Sonho Voyeur.


     A criança não parava de chorar. O seu pranto ecoava pelos quarteirões, mas porta ou janela alguma se abria servindo o auxílio. Célia, moça jovem e honesta, apertava-a contra o peito delicado e quase nu, suas poucas roupas sobreviviam ao frio de junho. Tinha ouvido mais cedo: Sorrir é o primeiro passo à felicidade. Gostou da frase e ficou tentando sorrir, sem obter sucesso. Ela apenas mostrava os dentes, mas os olhos não se permitiam brilhar, exibindo um pseudossorriso claro. Nesse passo lento, Célia acalentava a criança e seguia pela rua deserta.
    Subitamente, uma leve chuva precipita-se, molhando a terra e espalhando o cheiro do barro lavado, disperso pelo chão. A pobre rapariga não podia e nem se permitia correr com a filha nos braços. A menina cessou a lágrima, engasgando-se com a garoa. Embrulhou-se no colo da mãe, que pode resignar-se, ter paz.
    Quando dobrou na esquina do Paiva, poucos metros depois, veio da Rua Borborema, um carro vermelho que parou ao lado dela. Célia engoliu o pouco de saliva que tinha, arregalou os olhos, num frenesi interno agonizante, abraçou a filha com força. Já ofegava muito e quando ia ensaiar uma discreta fuga, o vidro do carro desceu lentamente.

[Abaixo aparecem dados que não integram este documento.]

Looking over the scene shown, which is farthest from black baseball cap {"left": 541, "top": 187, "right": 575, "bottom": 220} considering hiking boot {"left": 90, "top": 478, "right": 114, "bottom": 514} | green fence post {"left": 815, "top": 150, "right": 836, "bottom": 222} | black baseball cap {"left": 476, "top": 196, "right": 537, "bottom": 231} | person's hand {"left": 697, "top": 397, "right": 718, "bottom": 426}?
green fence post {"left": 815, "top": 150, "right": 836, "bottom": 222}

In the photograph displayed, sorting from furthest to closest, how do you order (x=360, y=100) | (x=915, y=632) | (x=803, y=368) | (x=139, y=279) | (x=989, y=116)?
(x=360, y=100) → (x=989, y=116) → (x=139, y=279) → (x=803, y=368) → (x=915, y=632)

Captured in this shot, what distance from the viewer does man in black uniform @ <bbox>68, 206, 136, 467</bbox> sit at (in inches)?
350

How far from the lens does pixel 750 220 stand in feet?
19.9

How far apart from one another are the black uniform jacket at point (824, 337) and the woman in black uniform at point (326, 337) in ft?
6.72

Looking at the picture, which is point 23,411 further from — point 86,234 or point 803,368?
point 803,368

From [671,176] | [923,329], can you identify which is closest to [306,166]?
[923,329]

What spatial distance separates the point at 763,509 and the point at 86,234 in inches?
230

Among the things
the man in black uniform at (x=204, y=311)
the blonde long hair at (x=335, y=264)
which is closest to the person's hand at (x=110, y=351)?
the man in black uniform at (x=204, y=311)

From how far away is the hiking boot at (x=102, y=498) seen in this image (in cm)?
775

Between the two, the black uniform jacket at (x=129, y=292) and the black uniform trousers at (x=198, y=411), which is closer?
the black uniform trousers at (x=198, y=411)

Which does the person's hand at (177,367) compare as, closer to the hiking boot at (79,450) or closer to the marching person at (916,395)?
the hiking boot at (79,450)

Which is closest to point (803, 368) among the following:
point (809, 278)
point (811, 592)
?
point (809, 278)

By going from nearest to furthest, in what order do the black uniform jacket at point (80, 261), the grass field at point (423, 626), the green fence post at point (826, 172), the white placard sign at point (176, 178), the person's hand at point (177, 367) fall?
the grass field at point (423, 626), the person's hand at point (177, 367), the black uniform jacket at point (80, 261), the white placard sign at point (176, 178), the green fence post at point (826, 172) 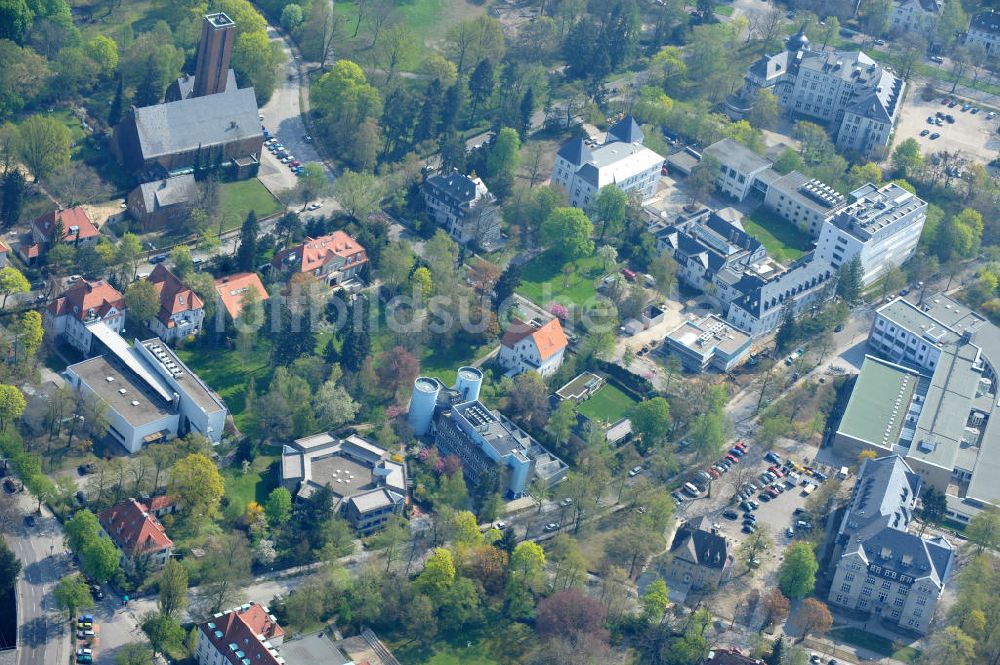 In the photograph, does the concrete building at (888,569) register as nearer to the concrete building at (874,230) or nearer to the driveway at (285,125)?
the concrete building at (874,230)

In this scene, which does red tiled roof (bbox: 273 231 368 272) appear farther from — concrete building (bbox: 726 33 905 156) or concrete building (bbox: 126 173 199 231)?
concrete building (bbox: 726 33 905 156)

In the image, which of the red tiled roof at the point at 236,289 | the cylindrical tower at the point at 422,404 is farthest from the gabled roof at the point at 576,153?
the cylindrical tower at the point at 422,404

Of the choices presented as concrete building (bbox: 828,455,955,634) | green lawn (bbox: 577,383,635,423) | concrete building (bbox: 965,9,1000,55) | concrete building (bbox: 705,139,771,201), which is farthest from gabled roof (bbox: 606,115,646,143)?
concrete building (bbox: 965,9,1000,55)

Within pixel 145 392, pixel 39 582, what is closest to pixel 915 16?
pixel 145 392

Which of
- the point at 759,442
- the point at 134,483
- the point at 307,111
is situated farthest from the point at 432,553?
the point at 307,111

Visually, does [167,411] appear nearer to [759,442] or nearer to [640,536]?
[640,536]

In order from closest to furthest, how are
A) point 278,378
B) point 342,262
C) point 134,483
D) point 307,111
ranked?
point 134,483
point 278,378
point 342,262
point 307,111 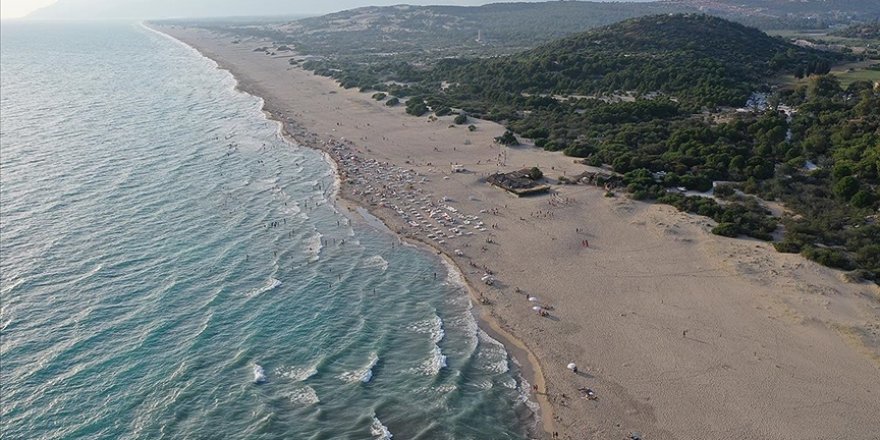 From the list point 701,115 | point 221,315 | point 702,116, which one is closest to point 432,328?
point 221,315

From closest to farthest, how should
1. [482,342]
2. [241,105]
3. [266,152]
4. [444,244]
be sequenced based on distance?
[482,342] → [444,244] → [266,152] → [241,105]

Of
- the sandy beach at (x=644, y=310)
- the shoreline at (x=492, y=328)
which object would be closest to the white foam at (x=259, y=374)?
the shoreline at (x=492, y=328)

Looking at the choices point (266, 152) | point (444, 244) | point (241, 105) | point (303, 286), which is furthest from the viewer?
point (241, 105)

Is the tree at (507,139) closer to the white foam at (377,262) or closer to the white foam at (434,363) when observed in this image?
the white foam at (377,262)

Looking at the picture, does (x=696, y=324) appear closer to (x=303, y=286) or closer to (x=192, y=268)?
(x=303, y=286)

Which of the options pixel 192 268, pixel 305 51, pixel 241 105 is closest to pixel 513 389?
pixel 192 268

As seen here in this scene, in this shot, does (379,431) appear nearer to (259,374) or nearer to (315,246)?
(259,374)

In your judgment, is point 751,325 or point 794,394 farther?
point 751,325

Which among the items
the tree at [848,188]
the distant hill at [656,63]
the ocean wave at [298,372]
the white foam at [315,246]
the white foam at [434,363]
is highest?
the distant hill at [656,63] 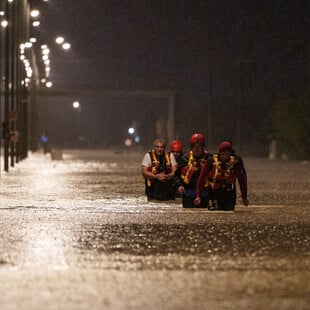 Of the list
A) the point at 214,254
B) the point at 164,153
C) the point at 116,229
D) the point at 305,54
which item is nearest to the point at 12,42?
the point at 305,54

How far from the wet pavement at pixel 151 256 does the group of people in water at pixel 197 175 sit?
1.22ft

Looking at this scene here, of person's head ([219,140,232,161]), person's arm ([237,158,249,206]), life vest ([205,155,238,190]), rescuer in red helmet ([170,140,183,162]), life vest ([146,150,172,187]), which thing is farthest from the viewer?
rescuer in red helmet ([170,140,183,162])

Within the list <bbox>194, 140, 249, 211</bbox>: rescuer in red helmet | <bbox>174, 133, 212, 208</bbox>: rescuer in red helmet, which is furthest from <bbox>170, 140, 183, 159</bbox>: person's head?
<bbox>194, 140, 249, 211</bbox>: rescuer in red helmet

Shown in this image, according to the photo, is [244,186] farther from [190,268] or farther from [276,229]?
[190,268]

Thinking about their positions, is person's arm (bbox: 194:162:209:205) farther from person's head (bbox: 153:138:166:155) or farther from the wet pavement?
person's head (bbox: 153:138:166:155)

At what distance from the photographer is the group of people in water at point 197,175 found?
72.8 feet

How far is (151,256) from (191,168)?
9.61 metres

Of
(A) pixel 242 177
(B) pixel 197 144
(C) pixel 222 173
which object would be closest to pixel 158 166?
(B) pixel 197 144

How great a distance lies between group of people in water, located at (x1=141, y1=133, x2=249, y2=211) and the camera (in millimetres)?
22188

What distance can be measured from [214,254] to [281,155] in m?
77.5

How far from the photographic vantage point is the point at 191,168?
2367cm

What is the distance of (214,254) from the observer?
47.3 feet

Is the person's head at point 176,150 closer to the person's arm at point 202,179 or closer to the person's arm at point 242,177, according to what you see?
the person's arm at point 242,177

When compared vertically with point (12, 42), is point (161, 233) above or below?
below
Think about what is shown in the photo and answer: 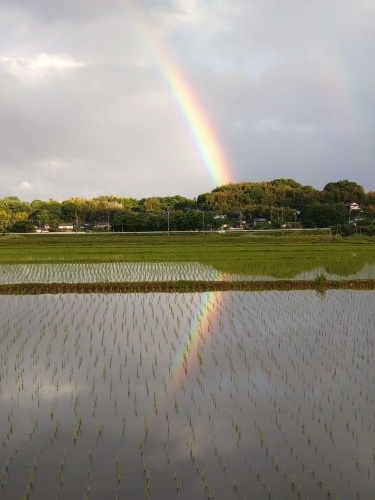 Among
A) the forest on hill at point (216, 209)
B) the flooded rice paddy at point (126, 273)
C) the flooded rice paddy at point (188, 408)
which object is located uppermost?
Answer: the forest on hill at point (216, 209)

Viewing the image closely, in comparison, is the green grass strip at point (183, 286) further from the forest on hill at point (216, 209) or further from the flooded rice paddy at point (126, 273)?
the forest on hill at point (216, 209)

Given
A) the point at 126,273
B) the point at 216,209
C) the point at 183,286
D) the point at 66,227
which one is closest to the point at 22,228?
the point at 66,227

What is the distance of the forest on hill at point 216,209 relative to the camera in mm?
59094

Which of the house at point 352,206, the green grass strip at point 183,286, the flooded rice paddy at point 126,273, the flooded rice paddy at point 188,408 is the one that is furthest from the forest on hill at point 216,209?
the flooded rice paddy at point 188,408

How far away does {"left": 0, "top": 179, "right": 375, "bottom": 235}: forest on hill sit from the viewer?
59.1 metres

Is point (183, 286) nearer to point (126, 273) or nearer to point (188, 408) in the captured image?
point (126, 273)

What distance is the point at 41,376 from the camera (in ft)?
18.9

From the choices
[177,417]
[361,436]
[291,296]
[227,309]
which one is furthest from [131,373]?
[291,296]

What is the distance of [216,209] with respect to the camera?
7581cm

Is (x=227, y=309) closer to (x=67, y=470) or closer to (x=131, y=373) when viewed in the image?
(x=131, y=373)

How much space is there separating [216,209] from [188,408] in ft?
235

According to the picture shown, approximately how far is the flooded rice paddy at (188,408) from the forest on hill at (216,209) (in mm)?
49228

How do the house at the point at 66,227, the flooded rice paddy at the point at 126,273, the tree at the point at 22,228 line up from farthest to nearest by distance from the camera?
1. the house at the point at 66,227
2. the tree at the point at 22,228
3. the flooded rice paddy at the point at 126,273

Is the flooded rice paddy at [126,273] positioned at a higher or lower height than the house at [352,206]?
lower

    Dois homens de meia idade, cabelos lisos, fitavam-nas misteriosamente do interior do carro. Um deles, de barba feita e aliança de casório, levanta uma cédula de cinquenta reais, oferecendo à moça. Célia, num breve embaraço, compreende. Abre a porta traseira, encosta a filha numa boa posição de dormir. Os homens partem para um motel aristocrático da zona norte.
    Entrando no quarto, ela aloca a garota num sofá de couro da entrada. Ela se remexe um pouco, porém continua dormindo. A mãe joga uma bolsinha infantil sobre a mesa. Os homens estão tirando os seus respectivos ternos finos. Nota-se que são endinheirados, não meros motoristas ou guarda-costas. Ligeiramente, Célia despe-se. Sua respiração tinha diminuído de ritmo, mas o frenesi permanecia. E assim, eram uma ménage à trois, quando se deitaram no leito.
    A pequena Nadine acordou-se e ninguém percebeu. Ela continuou de cabeça assentada sobre o travesseiro, apenas de olhos bem abertos. Célia tinha a boca fechada por um pano escarlate e acolhia os dois simultaneamente. A criança parecia confusa e, no entanto, não se movia. Ficou nessa posição até o fim da transa, quando tornou a fechar os olhos e adormecer.
  Os homens levaram-nas em casa e deixaram mais algum dinheiro. Célia conseguiu manter-se dessa forma, sem saber que sonho a filha teria. Nadine nunca entendeu nada, mas viu repetir-se essa cena em todas as noites da sua curta vida, que se findou num suicídio aos 16 anos, perdendo sua virgindade para dois rapazes.